China, the world’s largest consumer of commodities such as coal, iron ore and copper, has largely been sidelined in the setting of global commodity prices.
“A major advantage of being part of China makes the city a perfect bridge that brings together mainland and international customers who can trade on our platform,” Cheung said.
Hong Kong has other advantages such as a free economy with no restriction on foreign exchange and a market that is well regulated. It is also backed by abundant liquidity and rule of law, he said.
In May, the exchange introduced a one-kilogram or 32-troy ounce gold futures product offered in U.S. dollars with physical delivery in Hong Kong. The trade volume has reached 3,280 contracts per day in 11 trading days this month, up 42.8 percent from 2,297 contracts last month.
“The trade volume has seen good, steady increase and there is increasing acceptance for this contract in the market, and the volume is quite respectable for a brand-new exchange,” Cheung said, adding that the trade volume would be significantly higher once the contract is known to more people.
Gold contract with physical delivery appeals to commercial customers and investors.
“The contract allows people in the gold business to trade in the cash market and at the same time use futures to hedge risk and lock in price. That appeals to investors as well,” he said.
Gold for August delivery held steady below US$1,600 per ounce on Friday in Hong Kong after eurozone leaders agreed on a rescue plan for Greece. But the price is range-bound, supported by fresh fears of moderating economic growth in China.
HSBC’s “flash” China manufacturing PMI fell unexpectedly to 48.9 in July from 50.1 in June, the first time it dipped below 50 since July 2010.
Meanwhile, the HKMEx started trading Friday a U.S. dollar-denominated 1,000-troy ounce silver futures contract to tap into expanding demand in China.
The contract for September delivery was quoted at US$39.25 an ounce with volumes at 1,138 contracts at 7.57pm Friday, Hong Kong time.
Between 2008 and 2010, demand for silver rose 67 percent in China and 17 percent globally to reach 7,495 tons and 32,870 tons, respectively, according to HKMEx data.
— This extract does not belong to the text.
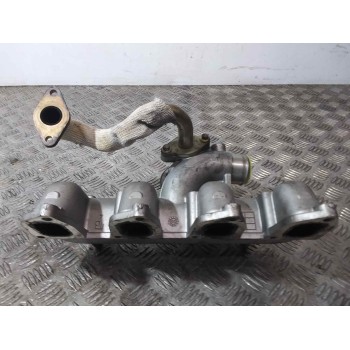 Recambio de colector admision para ford focus berlina (cak) 1.8 tdci cat referencia OEM IAM   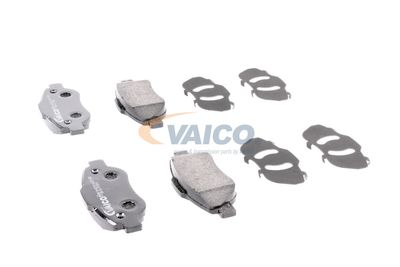 BREMSBELAGSATZ SCHEIBENBREMSE VAICO V240101 44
Apart from gold and silver, the exchange is also looking at rolling out futures contracts for platinum and palladium this year. “That will complete the whole range of precious metals and help firm up Hong Kong’s position as a premium center of precious metals,” Cheung said.
Yuan-denominated gold and silver contracts are also to be introduced in September or October.
These products would help increase the circulation of the currency in the city which was designated by Beijing as an offshore renminbi center in July last year.
“The platform would provide more renminbi products in the market and more people can use the currency to buy and trade things. Moreover, it would attract more mainland customers to trade here,” Cheung said.